## WORK REQUIRED
Find the line containing "sunny side up", then return it and every line after it through the end of the records, exactly. Leave out pictures.

## PROVIDED DATA
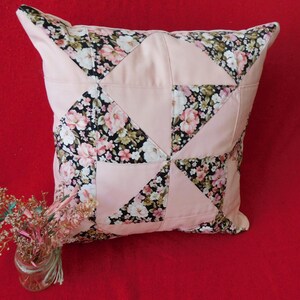 May include: A square throw pillow featuring a patchwork design of solid light pink fabric triangles alternating with a black fabric patterned with pink and white floral blossoms. A small glass jar containing dried flowers sits nearby.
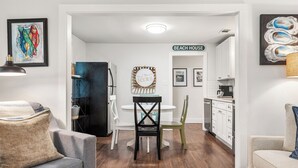 A modern kitchen with white cabinets, a dining area with a round table and chairs, and a living room with a sofa and a coffee table. - Renovated, Quick Walk to Beach + Restaurants by Tybee Cottages (Tybee Island)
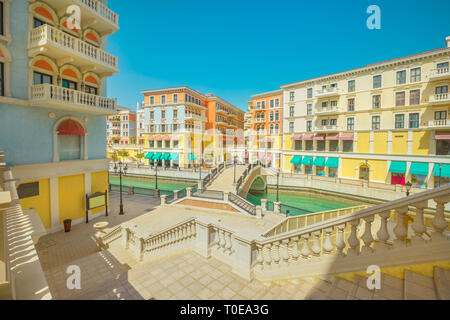 Large staircase leading to a Venetian bridge on canals of picturesque Qanat Quartier icon of Doha, Qatar in a sunny day with blue sky. Venice at the Stock Photo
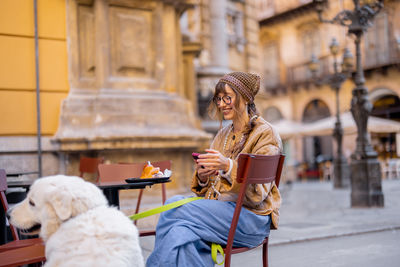 Portrait of young woman using mobile phone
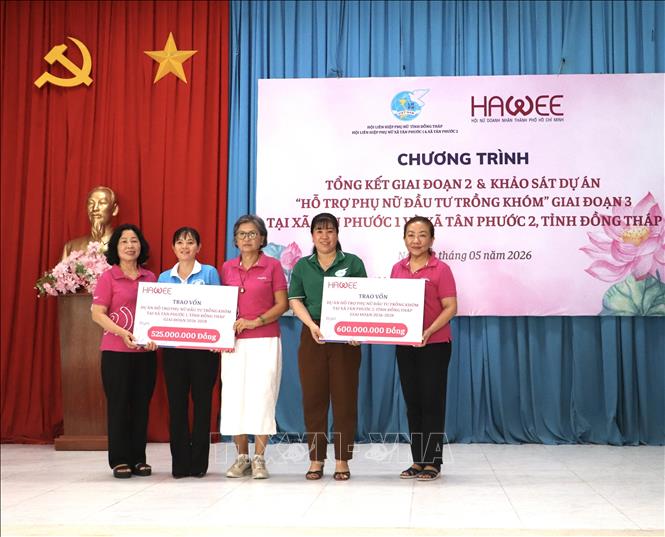 Hội nữ doanh nhân thành phố Hồ Chí Minh trao bảng biểu trưng hỗ trợ vốn cho Hội Liên hiệp Phụ nữ xã Tân Phước 1 và Tân Phước 2. Ảnh: Hồng Nhung - TTXVN
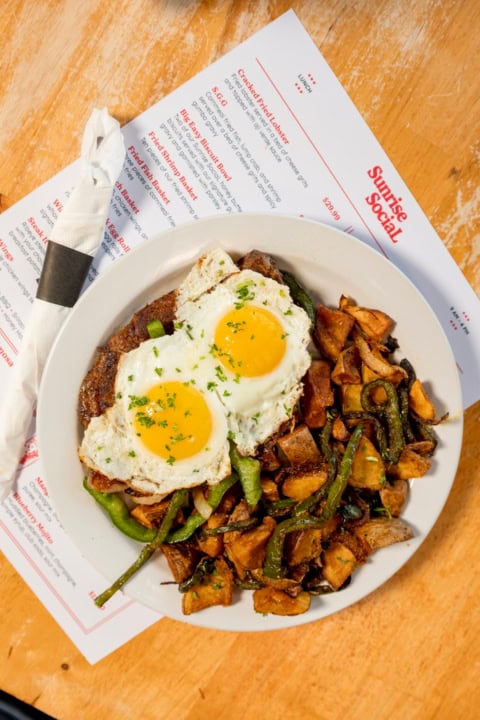 sunny side up eggs and potatoes breakfast plate
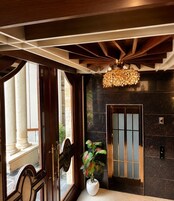 Un vestíbulo con techo de madera, una lámpara moderna, una planta en maceta y una puerta con panel de vidrio esmerilado.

## SOLVED EXERCISE
 sunny side up eggs and potatoes breakfast plate
 Un vestíbulo con techo de madera, una lámpara moderna, una planta en maceta y una puerta con panel de vidrio esmerilado.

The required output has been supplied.